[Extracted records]
-=-=-=-=-

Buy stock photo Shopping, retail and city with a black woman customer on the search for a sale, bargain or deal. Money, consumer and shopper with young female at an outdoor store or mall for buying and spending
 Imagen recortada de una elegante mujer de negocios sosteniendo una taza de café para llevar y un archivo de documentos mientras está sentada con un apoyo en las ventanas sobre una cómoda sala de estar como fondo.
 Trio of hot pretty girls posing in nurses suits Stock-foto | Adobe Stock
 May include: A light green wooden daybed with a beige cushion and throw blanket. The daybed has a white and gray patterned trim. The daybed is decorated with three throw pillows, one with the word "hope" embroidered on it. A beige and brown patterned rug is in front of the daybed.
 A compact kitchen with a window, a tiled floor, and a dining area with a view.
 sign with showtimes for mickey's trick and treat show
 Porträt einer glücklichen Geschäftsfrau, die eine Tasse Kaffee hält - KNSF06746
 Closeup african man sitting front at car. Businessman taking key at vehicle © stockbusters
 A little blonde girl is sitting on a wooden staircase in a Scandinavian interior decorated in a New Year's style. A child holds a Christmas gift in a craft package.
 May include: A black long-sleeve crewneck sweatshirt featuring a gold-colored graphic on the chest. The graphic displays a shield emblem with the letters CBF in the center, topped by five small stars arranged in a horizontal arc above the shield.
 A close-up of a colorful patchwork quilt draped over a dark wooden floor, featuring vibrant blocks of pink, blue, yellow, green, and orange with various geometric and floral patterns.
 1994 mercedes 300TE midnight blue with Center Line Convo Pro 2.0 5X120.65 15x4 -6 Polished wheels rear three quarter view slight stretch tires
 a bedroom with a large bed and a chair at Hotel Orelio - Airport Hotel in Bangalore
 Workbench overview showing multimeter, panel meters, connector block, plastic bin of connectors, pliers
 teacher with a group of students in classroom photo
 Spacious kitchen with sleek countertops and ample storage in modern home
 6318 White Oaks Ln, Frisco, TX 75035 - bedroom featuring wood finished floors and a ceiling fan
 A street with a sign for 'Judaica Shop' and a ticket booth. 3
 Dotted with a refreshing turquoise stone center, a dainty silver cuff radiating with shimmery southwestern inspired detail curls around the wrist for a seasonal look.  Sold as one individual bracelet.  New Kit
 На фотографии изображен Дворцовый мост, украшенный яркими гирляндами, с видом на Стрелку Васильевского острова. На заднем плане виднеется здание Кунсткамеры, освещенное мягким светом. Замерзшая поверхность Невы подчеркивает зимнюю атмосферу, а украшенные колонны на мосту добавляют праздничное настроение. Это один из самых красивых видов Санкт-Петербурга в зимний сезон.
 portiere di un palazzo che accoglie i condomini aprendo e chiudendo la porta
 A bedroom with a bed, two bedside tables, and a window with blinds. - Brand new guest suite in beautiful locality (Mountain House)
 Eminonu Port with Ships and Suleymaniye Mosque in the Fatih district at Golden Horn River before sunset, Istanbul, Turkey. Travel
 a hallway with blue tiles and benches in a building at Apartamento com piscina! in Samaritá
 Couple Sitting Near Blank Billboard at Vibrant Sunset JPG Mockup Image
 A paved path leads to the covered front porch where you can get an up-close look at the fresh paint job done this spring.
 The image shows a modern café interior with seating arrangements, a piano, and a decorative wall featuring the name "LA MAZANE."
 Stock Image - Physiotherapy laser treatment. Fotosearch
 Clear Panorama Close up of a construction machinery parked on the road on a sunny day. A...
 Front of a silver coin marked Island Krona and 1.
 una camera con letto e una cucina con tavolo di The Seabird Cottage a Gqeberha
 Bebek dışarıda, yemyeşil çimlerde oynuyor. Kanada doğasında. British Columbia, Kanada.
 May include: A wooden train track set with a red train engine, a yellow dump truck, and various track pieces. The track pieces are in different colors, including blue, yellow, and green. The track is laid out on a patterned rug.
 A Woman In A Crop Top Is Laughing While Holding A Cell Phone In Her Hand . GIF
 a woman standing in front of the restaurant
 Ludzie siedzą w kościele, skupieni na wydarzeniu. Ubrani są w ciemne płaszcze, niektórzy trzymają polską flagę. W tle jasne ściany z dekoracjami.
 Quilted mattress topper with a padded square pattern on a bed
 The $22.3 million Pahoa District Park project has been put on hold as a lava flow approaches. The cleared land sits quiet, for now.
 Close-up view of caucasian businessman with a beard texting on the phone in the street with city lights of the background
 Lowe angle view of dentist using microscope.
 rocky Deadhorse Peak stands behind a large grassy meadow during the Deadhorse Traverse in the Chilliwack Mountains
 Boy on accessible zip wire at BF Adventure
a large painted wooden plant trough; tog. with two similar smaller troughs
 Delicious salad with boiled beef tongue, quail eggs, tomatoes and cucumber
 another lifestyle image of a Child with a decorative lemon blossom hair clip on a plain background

-=-=-=-=-

__Work instructions__
The lines above are to be retyped exactly, with none omitted.

__Result__
Buy stock photo Shopping, retail and city with a black woman customer on the search for a sale, bargain or deal. Money, consumer and shopper with young female at an outdoor store or mall for buying and spending
 Imagen recortada de una elegante mujer de negocios sosteniendo una taza de café para llevar y un archivo de documentos mientras está sentada con un apoyo en las ventanas sobre una cómoda sala de estar como fondo.
 Trio of hot pretty girls posing in nurses suits Stock-foto | Adobe Stock
 May include: A light green wooden daybed with a beige cushion and throw blanket. The daybed has a white and gray patterned trim. The daybed is decorated with three throw pillows, one with the word "hope" embroidered on it. A beige and brown patterned rug is in front of the daybed.
 A compact kitchen with a window, a tiled floor, and a dining area with a view.
 sign with showtimes for mickey's trick and treat show
 Porträt einer glücklichen Geschäftsfrau, die eine Tasse Kaffee hält - KNSF06746
 Closeup african man sitting front at car. Businessman taking key at vehicle © stockbusters
 A little blonde girl is sitting on a wooden staircase in a Scandinavian interior decorated in a New Year's style. A child holds a Christmas gift in a craft package.
 May include: A black long-sleeve crewneck sweatshirt featuring a gold-colored graphic on the chest. The graphic displays a shield emblem with the letters CBF in the center, topped by five small stars arranged in a horizontal arc above the shield.
 A close-up of a colorful patchwork quilt draped over a dark wooden floor, featuring vibrant blocks of pink, blue, yellow, green, and orange with various geometric and floral patterns.
 1994 mercedes 300TE midnight blue with Center Line Convo Pro 2.0 5X120.65 15x4 -6 Polished wheels rear three quarter view slight stretch tires
 a bedroom with a large bed and a chair at Hotel Orelio - Airport Hotel in Bangalore
 Workbench overview showing multimeter, panel meters, connector block, plastic bin of connectors, pliers
 teacher with a group of students in classroom photo
 Spacious kitchen with sleek countertops and ample storage in modern home
 6318 White Oaks Ln, Frisco, TX 75035 - bedroom featuring wood finished floors and a ceiling fan
 A street with a sign for 'Judaica Shop' and a ticket booth. 3
 Dotted with a refreshing turquoise stone center, a dainty silver cuff radiating with shimmery southwestern inspired detail curls around the wrist for a seasonal look.  Sold as one individual bracelet.  New Kit
 На фотографии изображен Дворцовый мост, украшенный яркими гирляндами, с видом на Стрелку Васильевского острова. На заднем плане виднеется здание Кунсткамеры, освещенное мягким светом. Замерзшая поверхность Невы подчеркивает зимнюю атмосферу, а украшенные колонны на мосту добавляют праздничное настроение. Это один из самых красивых видов Санкт-Петербурга в зимний сезон.
 portiere di un palazzo che accoglie i condomini aprendo e chiudendo la porta
 A bedroom with a bed, two bedside tables, and a window with blinds. - Brand new guest suite in beautiful locality (Mountain House)
 Eminonu Port with Ships and Suleymaniye Mosque in the Fatih district at Golden Horn River before sunset, Istanbul, Turkey. Travel
 a hallway with blue tiles and benches in a building at Apartamento com piscina! in Samaritá
 Couple Sitting Near Blank Billboard at Vibrant Sunset JPG Mockup Image
 A paved path leads to the covered front porch where you can get an up-close look at the fresh paint job done this spring.
 The image shows a modern café interior with seating arrangements, a piano, and a decorative wall featuring the name "LA MAZANE."
 Stock Image - Physiotherapy laser treatment. Fotosearch
 Clear Panorama Close up of a construction machinery parked on the road on a sunny day. A...
 Front of a silver coin marked Island Krona and 1.
 una camera con letto e una cucina con tavolo di The Seabird Cottage a Gqeberha
 Bebek dışarıda, yemyeşil çimlerde oynuyor. Kanada doğasında. British Columbia, Kanada.
 May include: A wooden train track set with a red train engine, a yellow dump truck, and various track pieces. The track pieces are in different colors, including blue, yellow, and green. The track is laid out on a patterned rug.
 A Woman In A Crop Top Is Laughing While Holding A Cell Phone In Her Hand . GIF
 a woman standing in front of the restaurant
 Ludzie siedzą w kościele, skupieni na wydarzeniu. Ubrani są w ciemne płaszcze, niektórzy trzymają polską flagę. W tle jasne ściany z dekoracjami.
 Quilted mattress topper with a padded square pattern on a bed
 The $22.3 million Pahoa District Park project has been put on hold as a lava flow approaches. The cleared land sits quiet, for now.
 Close-up view of caucasian businessman with a beard texting on the phone in the street with city lights of the background
 Lowe angle view of dentist using microscope.
 rocky Deadhorse Peak stands behind a large grassy meadow during the Deadhorse Traverse in the Chilliwack Mountains
 Boy on accessible zip wire at BF Adventure
a large painted wooden plant trough; tog. with two similar smaller troughs
 Delicious salad with boiled beef tongue, quail eggs, tomatoes and cucumber
 another lifestyle image of a Child with a decorative lemon blossom hair clip on a plain background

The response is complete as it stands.